The fakest celebrity-dating reality show of the season…and maybe the most successful

People never get enough of love. When fictitious love stories from novels, films, and TV dramas aren’t enough to meet their demand, a reality show comes assure them that love is real—or is it?

We Are in Love, a licensed remake of popular South Korean variety show We Got Married, started airing its third season on Jiangsu TV this month. The show pairs up celebrities to go on dates together. Each episode, participants will also reveal their thoughts and feelings about their relationship in separate interviews. The Chinese version maintains the same basic format as the original Korean show but changed the couples from “married” to just “dating,” possibly to make the story more realistic.

It didn’t.

Now, the key of a reality show is the “reality.” Reality shows are known as 真人秀 (zhēnrénxiù) in Chinese, and 真 means “real, true, or sincere.” Anyone who follows celebrities at all knows that none of these couples are actually dating or in love, the truest part of the show being that all celebrities act undert their real names—and, somehow, gain real popularity from participating in this sham, scripted, predictable PR move disguised as entertainment. How? Let’s delve into the show’s formula.

They’re pretty

First of all, pretty faces are worth a thousand words (or RMBs). Just like any romance TV series you can think of, beautiful celebrities are the bread and butter of this show. Even viewers themselves admit that the stars’ looks matter when they decide whether they would like to watch a show; as some netizens have put it, in many cases, “Gook looks are worth it (颜值即正义).”


Wei Daxun (left) and Li Qin from Season 2



Song Jihyo(Korea, right)and Chen Bolin from Season 2

They know how to please

Celebrities, especially the pop stars, always know what kind of characters they should put on to charm a room. Though in a reality show, they are supposed to be themselves, they are in fact just “playing” themselves. Take the three couples in the first season for examples.

This season, celebrities Qiao Renliang (right) and actress Xu Lu performed a story about first love. Qiao is a charming playboy, who is good at music, independent, and knows how to impress girls. Xu is a simple, innocent girl who has never been in a relationship. Somehow, these two opposites attract and make positive changes in each other’s lives.
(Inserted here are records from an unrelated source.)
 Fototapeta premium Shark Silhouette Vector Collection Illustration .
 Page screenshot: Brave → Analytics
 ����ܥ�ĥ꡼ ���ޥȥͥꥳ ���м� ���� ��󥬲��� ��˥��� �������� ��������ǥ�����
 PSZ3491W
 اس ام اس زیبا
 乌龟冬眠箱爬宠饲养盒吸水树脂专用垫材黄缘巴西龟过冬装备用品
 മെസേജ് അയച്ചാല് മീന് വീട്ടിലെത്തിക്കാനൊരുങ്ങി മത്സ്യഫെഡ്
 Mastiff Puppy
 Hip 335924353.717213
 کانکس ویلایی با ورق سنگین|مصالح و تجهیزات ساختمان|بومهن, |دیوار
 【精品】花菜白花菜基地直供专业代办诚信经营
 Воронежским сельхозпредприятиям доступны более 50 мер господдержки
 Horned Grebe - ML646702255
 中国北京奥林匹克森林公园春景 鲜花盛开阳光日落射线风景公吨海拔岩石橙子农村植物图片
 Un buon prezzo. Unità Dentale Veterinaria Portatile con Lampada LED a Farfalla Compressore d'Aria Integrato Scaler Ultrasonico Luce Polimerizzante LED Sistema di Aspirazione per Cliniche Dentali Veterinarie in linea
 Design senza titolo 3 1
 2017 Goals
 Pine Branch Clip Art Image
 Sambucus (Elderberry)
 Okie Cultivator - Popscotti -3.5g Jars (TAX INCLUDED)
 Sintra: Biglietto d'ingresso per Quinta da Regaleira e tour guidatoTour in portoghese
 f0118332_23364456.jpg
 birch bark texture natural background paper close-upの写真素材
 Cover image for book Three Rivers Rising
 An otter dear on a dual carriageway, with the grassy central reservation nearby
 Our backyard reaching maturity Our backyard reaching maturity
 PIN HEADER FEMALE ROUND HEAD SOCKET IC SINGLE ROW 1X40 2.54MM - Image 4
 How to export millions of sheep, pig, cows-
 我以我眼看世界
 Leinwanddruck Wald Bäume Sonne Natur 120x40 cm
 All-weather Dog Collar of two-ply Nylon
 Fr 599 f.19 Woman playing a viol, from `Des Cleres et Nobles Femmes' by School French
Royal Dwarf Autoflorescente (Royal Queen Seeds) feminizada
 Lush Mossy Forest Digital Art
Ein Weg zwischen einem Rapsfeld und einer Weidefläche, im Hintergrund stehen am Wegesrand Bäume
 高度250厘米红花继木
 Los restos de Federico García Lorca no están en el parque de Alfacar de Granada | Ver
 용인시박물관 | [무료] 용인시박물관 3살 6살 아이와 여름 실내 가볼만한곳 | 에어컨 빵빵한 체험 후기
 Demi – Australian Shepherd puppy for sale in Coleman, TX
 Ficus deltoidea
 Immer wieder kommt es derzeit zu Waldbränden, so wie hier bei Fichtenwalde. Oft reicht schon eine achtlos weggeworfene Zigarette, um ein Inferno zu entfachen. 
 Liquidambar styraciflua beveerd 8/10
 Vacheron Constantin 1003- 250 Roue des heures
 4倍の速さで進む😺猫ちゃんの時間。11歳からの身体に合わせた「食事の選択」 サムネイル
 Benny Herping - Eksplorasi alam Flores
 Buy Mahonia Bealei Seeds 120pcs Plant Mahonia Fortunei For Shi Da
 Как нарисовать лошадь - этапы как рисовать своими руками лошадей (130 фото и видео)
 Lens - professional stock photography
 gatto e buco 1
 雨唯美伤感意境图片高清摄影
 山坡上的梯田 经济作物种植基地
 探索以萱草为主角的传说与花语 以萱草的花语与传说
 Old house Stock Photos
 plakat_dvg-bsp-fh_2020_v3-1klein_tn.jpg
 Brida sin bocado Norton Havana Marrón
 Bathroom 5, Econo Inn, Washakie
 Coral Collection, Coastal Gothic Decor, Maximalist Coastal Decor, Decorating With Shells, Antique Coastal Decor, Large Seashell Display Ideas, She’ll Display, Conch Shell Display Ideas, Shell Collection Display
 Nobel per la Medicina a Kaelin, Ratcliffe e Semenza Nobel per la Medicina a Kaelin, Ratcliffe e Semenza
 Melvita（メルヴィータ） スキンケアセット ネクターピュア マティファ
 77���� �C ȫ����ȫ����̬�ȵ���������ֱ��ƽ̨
Actors Ren Zhong (right) and Lin Xinru (Ruby Lin, whose actual wedding was a big social media event last summer) were the second couple. On the show, Ren is a gentle, moderate, warmhearted man who is a little bit clumsy, and Lin a mature, beautiful goddess who is kind of icy and difficult to please. Can the awkward friendliness of Ren thaw her cold yet lonely heart?

Korean pop star Choi Siwon (left) and Chinese model Liu Wen showed audience an international romance. Choi was the exotic prince, well-mannered, romantic, and endearingly brusque, while Liu was more like a traditional Chinese princess, beautiful, sentimental ,and shy. Their love transcended national borders and some “romantic” emotional abuse.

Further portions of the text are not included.